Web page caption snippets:
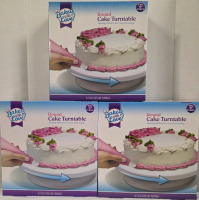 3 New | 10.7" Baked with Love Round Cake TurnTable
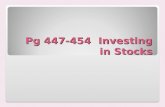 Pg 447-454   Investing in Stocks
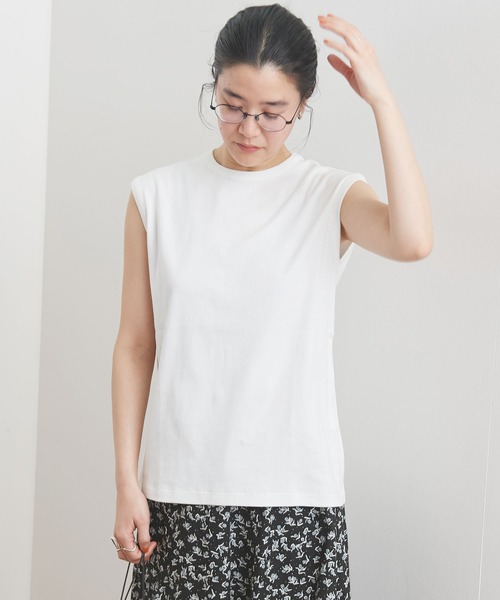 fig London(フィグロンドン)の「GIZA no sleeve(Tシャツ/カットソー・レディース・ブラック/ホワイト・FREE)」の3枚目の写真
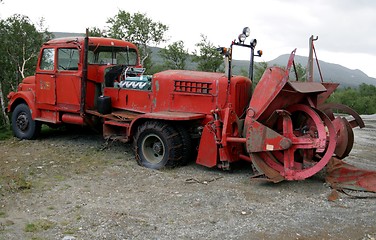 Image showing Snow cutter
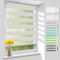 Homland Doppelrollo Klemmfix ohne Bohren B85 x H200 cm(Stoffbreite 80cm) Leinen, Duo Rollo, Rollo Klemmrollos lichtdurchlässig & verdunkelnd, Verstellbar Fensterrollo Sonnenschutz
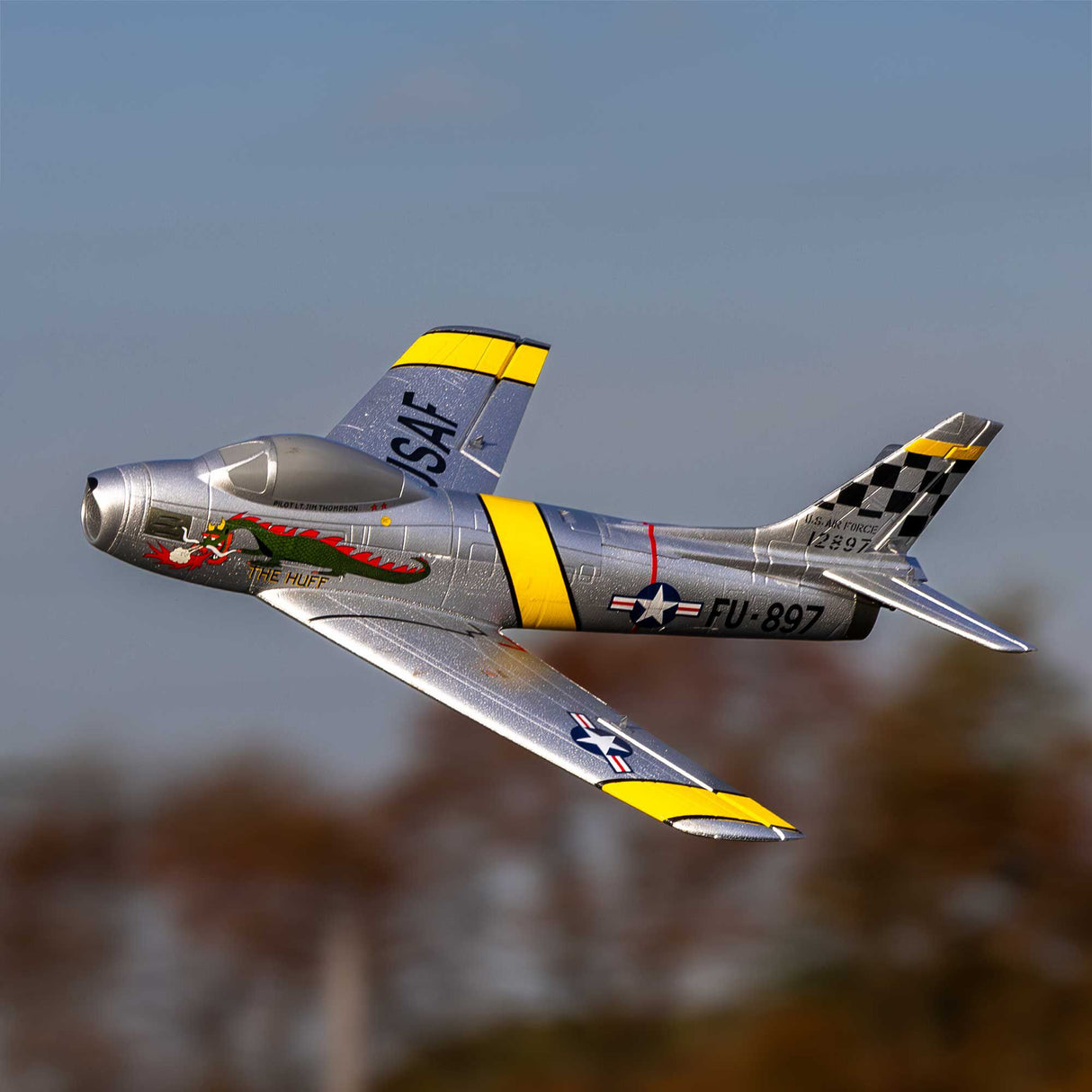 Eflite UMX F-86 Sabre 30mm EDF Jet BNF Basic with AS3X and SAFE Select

## What to produce:
Retype each line of the data exactly, beginning with the first; include the line containing "Image showing Snow cutter" and stop there, skipping every picture.

## Response to this task:
 3 New | 10.7" Baked with Love Round Cake TurnTable
 Pg 447-454   Investing in Stocks
 fig London(フィグロンドン)の「GIZA no sleeve(Tシャツ/カットソー・レディース・ブラック/ホワイト・FREE)」の3枚目の写真
 Image showing Snow cutter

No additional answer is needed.